Ia menilai tuduhan tersebut tidak berdasar dan berpotensi memecah belah politik nasional.
"Saya ketemu dengan Pak Prabowo, saya mengatakan pada beliau, 'Pak, kalau memang kami, buktinya saja dulu. Jangan begitu dong hanya mengatakan itu di belakangnya merah,'" kata Megawati.
Ia mempertanyakan mengapa narasi saling tuduh masih kerap muncul di ruang politik nasional, padahal Indonesia menjunjung nilai persatuan.
"Apakah akan seperti itu terus kita yang katanya Bhinneka Tunggal Ika, gotong royong, Pancasila? Apakah kita ini sudah menjadi negara apa?" ujarnya.
Megawati tidak menjelaskan kapan pertemuan dengan Prabowo berlangsung. Ia juga tidak mengungkapkan respons presiden atas pertanyaannya tersebut.

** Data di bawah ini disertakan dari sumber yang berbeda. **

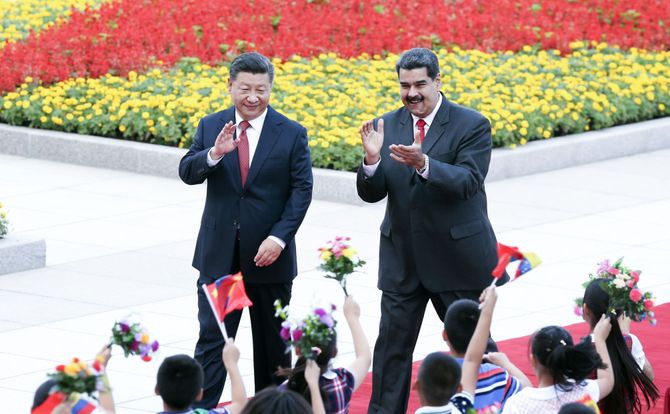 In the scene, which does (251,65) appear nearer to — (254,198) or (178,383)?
(254,198)

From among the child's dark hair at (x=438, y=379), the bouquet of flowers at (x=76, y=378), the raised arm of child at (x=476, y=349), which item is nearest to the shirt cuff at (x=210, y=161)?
the raised arm of child at (x=476, y=349)

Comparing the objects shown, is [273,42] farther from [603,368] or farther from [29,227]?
[603,368]

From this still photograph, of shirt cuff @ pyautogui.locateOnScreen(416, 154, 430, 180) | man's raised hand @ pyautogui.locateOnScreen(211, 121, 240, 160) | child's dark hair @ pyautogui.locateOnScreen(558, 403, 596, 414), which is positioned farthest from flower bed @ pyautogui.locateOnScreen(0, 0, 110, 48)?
child's dark hair @ pyautogui.locateOnScreen(558, 403, 596, 414)

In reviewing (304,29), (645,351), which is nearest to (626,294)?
(645,351)

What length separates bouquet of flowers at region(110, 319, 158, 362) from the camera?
5.56 metres

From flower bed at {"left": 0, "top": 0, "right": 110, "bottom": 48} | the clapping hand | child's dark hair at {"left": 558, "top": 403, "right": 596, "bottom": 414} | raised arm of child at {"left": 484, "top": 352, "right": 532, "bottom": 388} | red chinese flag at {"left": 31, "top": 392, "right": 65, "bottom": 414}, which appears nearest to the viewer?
child's dark hair at {"left": 558, "top": 403, "right": 596, "bottom": 414}

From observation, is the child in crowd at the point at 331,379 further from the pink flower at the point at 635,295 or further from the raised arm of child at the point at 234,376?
the pink flower at the point at 635,295

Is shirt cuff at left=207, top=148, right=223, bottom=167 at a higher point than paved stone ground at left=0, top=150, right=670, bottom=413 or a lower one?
higher

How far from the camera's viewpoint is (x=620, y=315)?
6.93 m

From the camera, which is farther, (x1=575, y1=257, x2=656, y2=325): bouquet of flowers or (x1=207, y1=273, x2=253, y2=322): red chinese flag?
(x1=575, y1=257, x2=656, y2=325): bouquet of flowers

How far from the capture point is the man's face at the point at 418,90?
7004 millimetres

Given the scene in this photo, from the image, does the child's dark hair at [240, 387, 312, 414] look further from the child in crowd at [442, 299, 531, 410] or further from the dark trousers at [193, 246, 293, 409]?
the dark trousers at [193, 246, 293, 409]

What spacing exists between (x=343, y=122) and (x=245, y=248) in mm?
7456

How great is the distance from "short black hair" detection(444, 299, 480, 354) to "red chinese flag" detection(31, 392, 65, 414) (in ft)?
6.11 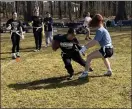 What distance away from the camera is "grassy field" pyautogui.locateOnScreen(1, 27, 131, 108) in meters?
7.03

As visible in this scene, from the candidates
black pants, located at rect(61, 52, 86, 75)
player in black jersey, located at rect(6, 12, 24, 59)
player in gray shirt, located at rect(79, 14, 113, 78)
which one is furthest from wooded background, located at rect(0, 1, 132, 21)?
player in gray shirt, located at rect(79, 14, 113, 78)

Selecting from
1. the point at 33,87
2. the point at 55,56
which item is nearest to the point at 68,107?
the point at 33,87

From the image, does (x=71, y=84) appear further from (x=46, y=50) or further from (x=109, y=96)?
(x=46, y=50)

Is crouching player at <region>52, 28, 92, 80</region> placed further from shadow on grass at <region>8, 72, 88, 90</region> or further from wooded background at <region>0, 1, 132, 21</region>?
wooded background at <region>0, 1, 132, 21</region>

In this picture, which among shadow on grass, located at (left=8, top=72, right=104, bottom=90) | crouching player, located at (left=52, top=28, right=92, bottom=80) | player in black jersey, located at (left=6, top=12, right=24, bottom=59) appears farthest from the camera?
player in black jersey, located at (left=6, top=12, right=24, bottom=59)

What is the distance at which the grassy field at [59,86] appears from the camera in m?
7.03

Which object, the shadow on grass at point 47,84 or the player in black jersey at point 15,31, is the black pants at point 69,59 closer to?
the shadow on grass at point 47,84

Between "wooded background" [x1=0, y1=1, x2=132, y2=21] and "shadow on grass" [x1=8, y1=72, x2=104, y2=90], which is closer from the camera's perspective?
"shadow on grass" [x1=8, y1=72, x2=104, y2=90]

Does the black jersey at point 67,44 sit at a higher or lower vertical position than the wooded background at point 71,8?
lower

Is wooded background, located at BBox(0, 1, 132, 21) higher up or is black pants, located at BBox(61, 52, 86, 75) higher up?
wooded background, located at BBox(0, 1, 132, 21)

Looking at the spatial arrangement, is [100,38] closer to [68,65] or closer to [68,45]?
[68,45]

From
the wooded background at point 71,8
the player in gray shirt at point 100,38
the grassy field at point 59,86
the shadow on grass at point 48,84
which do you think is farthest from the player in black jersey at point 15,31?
the wooded background at point 71,8

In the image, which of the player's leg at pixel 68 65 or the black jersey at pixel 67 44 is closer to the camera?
the black jersey at pixel 67 44

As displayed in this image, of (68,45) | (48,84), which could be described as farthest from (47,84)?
(68,45)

Dalam kesempatan yang sama, Megawati menyinggung kembali peran kepala negara yang menurutnya harus tetap berada dalam koridor hukum.
Ia mengingatkan bahwa keputusan politik besar kerap menuntut tanggung jawab berat, termasuk saat dirinya memisahkan TNI dan Polri ketika menjabat presiden.